Title: So It Is
Artist: Preservation Hall Jazz Band
Formats: CD, LP, MP3
Release date: April 21, 2017
Now in its 56th year, the Preservation Hall Jazz Band continues to thrive and regularly record albums. This latest effort is a far cry from the original traditional Dixieland outings, and for that reason it’s likely to resonate with modern audiences.
According to the band’s website, a performing trip to Cuba last year was highly influential toward the writing of this album. Band leader and bass/tuba player Ben Jaffe has integrated Afro-Cuban elements into a New Orleans-style blend of funk and up-tempo jazz. There are still references, here and there, to Dixieland and second-line street jazz, but this version of the PHJB would find a home in the record shelf of a Meters fan as well as his trad-jazz loving elders.
Jaffe’s parents, Allan and Sandra, founded Preservation Hall and organized its first namesake bands, in the early 1960s. Back in the early years, via recordings for Atlantic and then Columbia, the band featured aging but still vibrant local stars and other practitioners of the “original” style of jazz. In more recent times, the band embraced New Orleans’ musical evolution and has collaborated with a wide variety of musicians and producers, moving its sound toward a modern beat-driven jazz style.
It’s worth noting that this album is the second in a row for the PHJB with all original compositions. No more traditional tunes and covers of beloved oldies. The newness of the material is probably a prime reason the band has successfully transitioned to the all-important festival circuit, often paired with rock and pop acts. This is not music to hear while sitting still in a formal concert hall, but rather get-up-and-dance music to power a good outdoor festival mud roll. It’s more party music than contemplation music.

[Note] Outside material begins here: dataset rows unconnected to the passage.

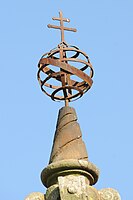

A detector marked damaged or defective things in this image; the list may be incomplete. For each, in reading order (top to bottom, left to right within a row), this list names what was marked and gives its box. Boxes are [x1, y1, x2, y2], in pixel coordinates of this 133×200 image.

rusted metal [37, 10, 94, 105] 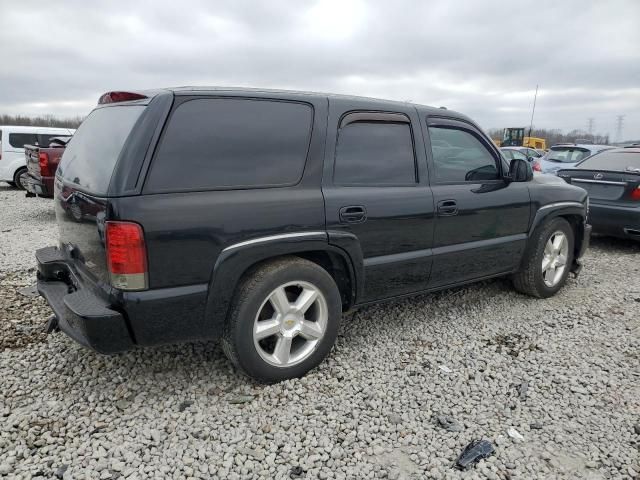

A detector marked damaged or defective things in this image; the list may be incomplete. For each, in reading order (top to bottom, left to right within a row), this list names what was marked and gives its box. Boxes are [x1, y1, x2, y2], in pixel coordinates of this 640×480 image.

damaged rear bumper [36, 248, 134, 352] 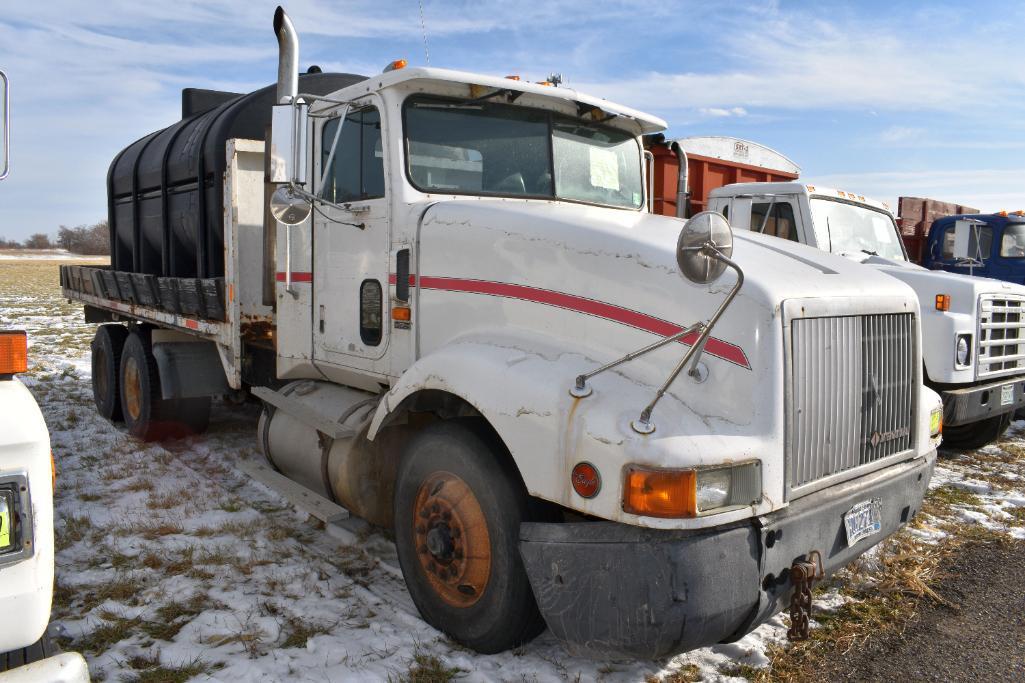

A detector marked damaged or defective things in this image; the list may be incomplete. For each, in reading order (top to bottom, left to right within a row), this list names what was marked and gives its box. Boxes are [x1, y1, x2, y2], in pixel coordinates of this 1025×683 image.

rusty wheel rim [123, 356, 142, 420]
rusty wheel rim [416, 467, 496, 607]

Although all 7 cuts on the album are worth a few careful listens, the featured single “Santiago” is contagiously raucous, and “Convergence” stands out for its funkiness. On the jazzier side of the band’s capabilities are the title track and “One Hundred Fires.” It’s also worth mentioning Walter Harris’s outstanding drum work throughout. The album is beat-driven, and Harris is a very capable driver.
The downside to the party atmosphere is that the music seems wider at the expense of deeper, but the excellent playing mitigates some of the shallowness. This is gut-feeling jazz, more akin to pop music than concert-hall jazz. Alas, like even the best pop music, it has a somewhat plastic soul. Recommend for listening along with friends and fun.